Wikipedia says the Redundant Acronym Syndrome syndrome, “is itself a humorous example of a redundant acronym”.

Which brings me to tautologies. For those who don’t know what a rhetorical tautology is, let’s ask Wikipedia again. It says it is the unnecessary and often unintentional repetitive use of words or meanings that, in effect, mean exactly the same thing. Exactly is the same. So, I need only have written their meaning is exact or their meaning is the same. To use both was a redundant use of words. A free gift, is another example. Though sometimes it is written to emphasize that the gift has no expectations with it, as opposed to say, a gift with purchase.

As I see this happening in many of the critiques I’m doing at the moment, I thought I would write about it here.
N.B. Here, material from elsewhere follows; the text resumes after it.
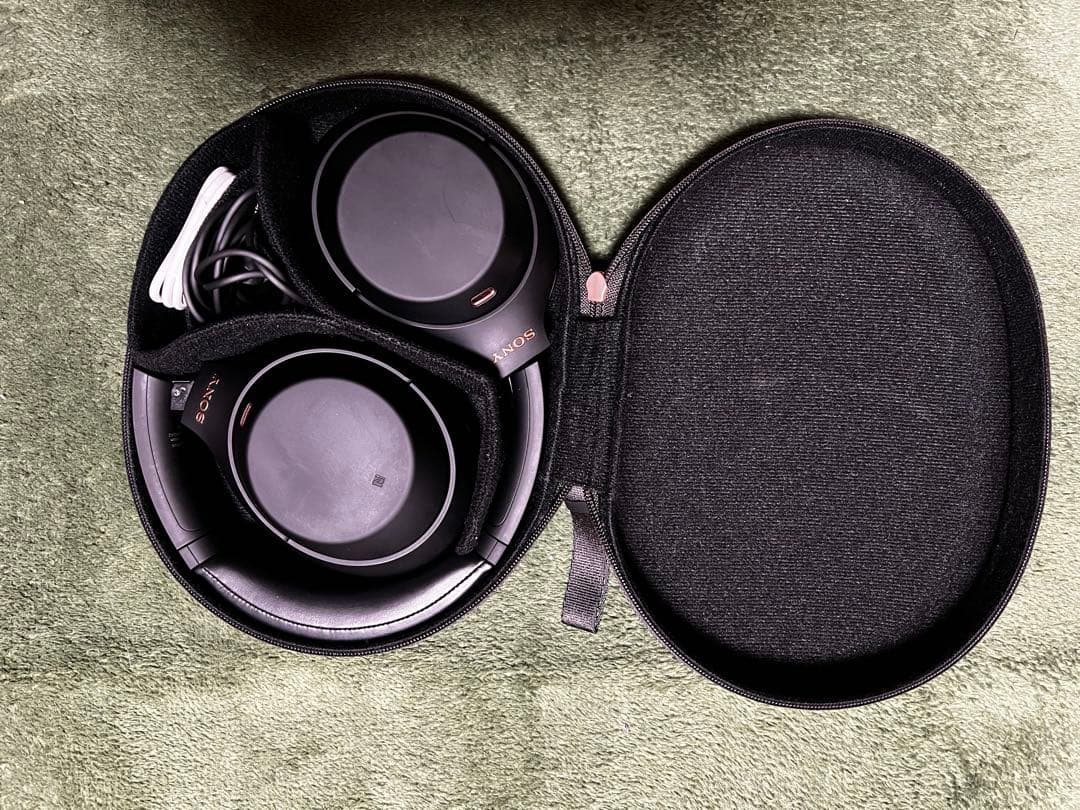 SONY wh-1000xm4 1500円off(箱無し) Amazon.com: Sony WH-1000XM4 Wireless Noise-Cancelling Over-the-Ear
Forgive me, crit partners, but I will mention a few, to give you an idea of how easily they can sneak in to our manuscripts.

He hesitated answering a moment.

I sucked it up, taking a deep breath.

At a loss for words, I said nothing.

Do you have any questions, class?

LOL Annie


Chicki said...

I think that "at a loss" one was mine. LOL!

This is a good example of why we need critique partners. We can't see our own bloopers even when we read our work over ten times!

Patricia also wrote about critiquing over on her blog:

Suzanne Brandyn said...

Hi Annie,
Great piece on tautologies. It's amazing how we cannot see those mistakes. It doesn't matter how much we try.